Ibrahim Chuot

Personal information
- Full name: Ibrahim Abass M Chuot
- Nationality: Qatari
- Born: 5 July 2004 (age 21)

Sport
- Sport: Athletics
- Event: Middle-distance running

Achievements and titles
- Personal best: 800m: 1:44.08 (2025)

Medal record
Men's athletics
Representing Qatar
Asian Indoor Championships
| Gold medal – first place | 2026 Tanjijn | 800 m |

= Ibrahim Chuot =

Qatari athlete (born 1998)

Ibrahim Abass M Chuot (born Dedich Makur Chuot on 5 July 2004) is a Qatari middle-distance runner.
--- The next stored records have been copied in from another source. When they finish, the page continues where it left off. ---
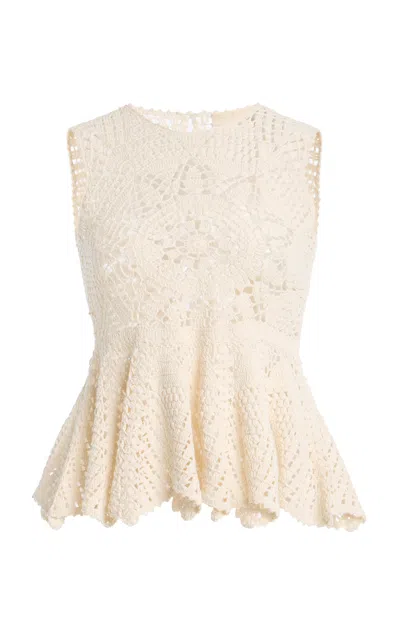 Ulla Johnson Moda Operandi In Neutral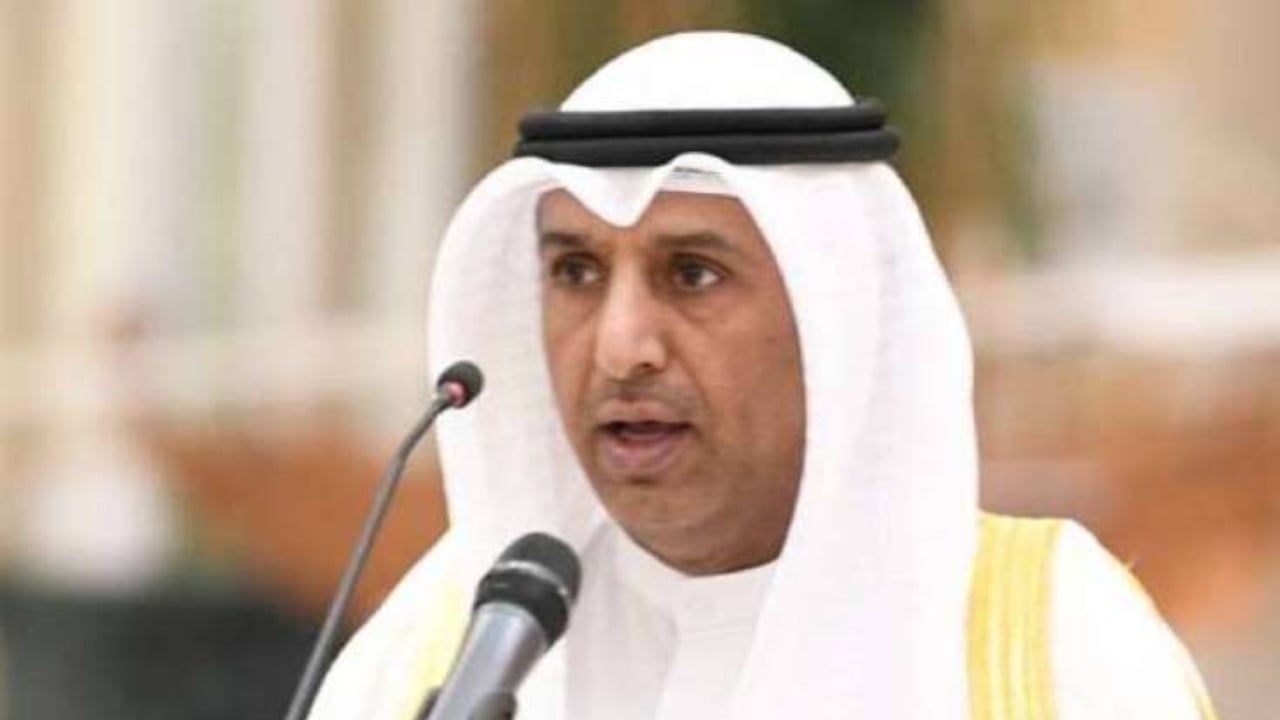 وزير النفط الكويتي: مؤشرات تباطؤ الاقتصاد العالمي وتأثيراته على الطلب يستدعي استمرار الحيطة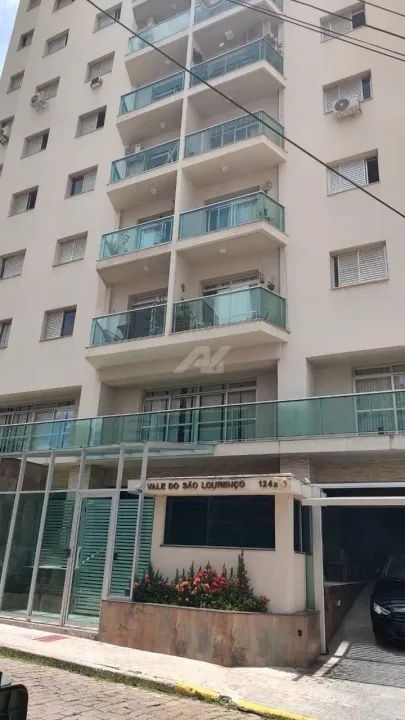 apartamento - Centro - Campinas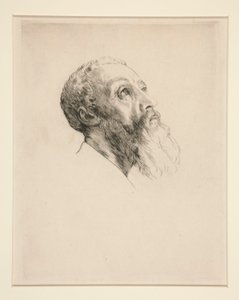 Modellhoder (modell av Alphonse Legros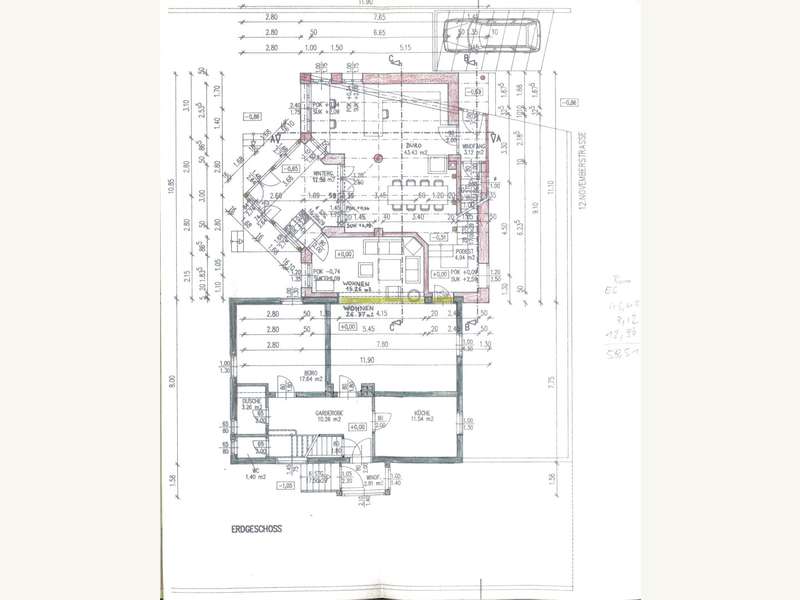 Haus in 9170 Ferlach - 17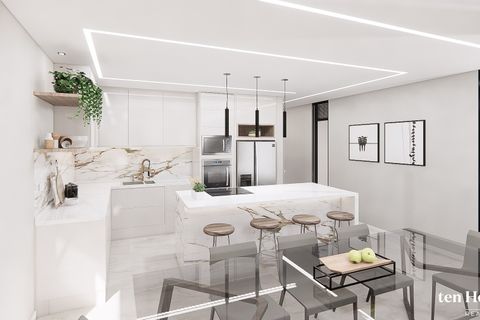 Helårsgrund i Luz, Faro, Luz - € 410.000 | Ref: T1227C - foto 6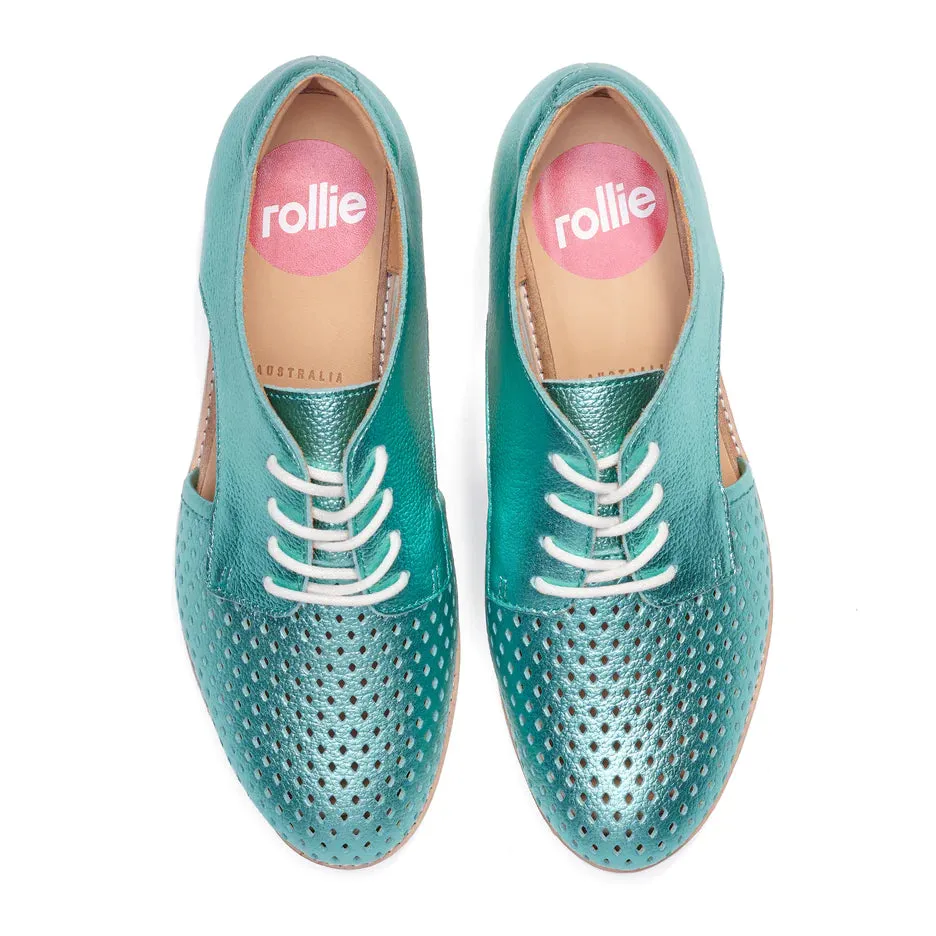 Rollie - Sidecut Punch Mermaid Blue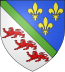 Blason de Cempuis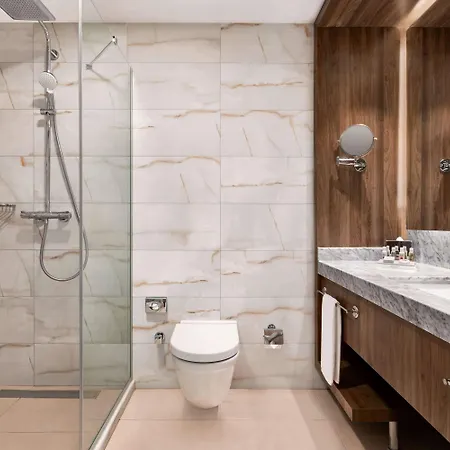 Ramada By Wyndham Beylikduzu Hotel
He competed over 800 metres at the 2025 World Athletics Championships.

He is the younger brother of Australian rules footballer Akec Makur Chuot and Western Australia parliament member Ayor Makur Chuot.

==Career==
He finished fifth over 800 metres in May 2025 at the 2025 Doha Diamond League in a personal best 1:44.08. He won the 800 metres in Sondershausen, Germany 1:44.90 in August 2025.

He was selected for the 800 metres at the 2025 World Athletics Championships in Tokyo, Japan, placing fourth in his qualifying heat in 1:45.16 without advancing to the semi-finals.

In February 2026, he won the gold medal in the 800 metres at the 2026 Asian Indoor Athletics Championships in Tianjin, China.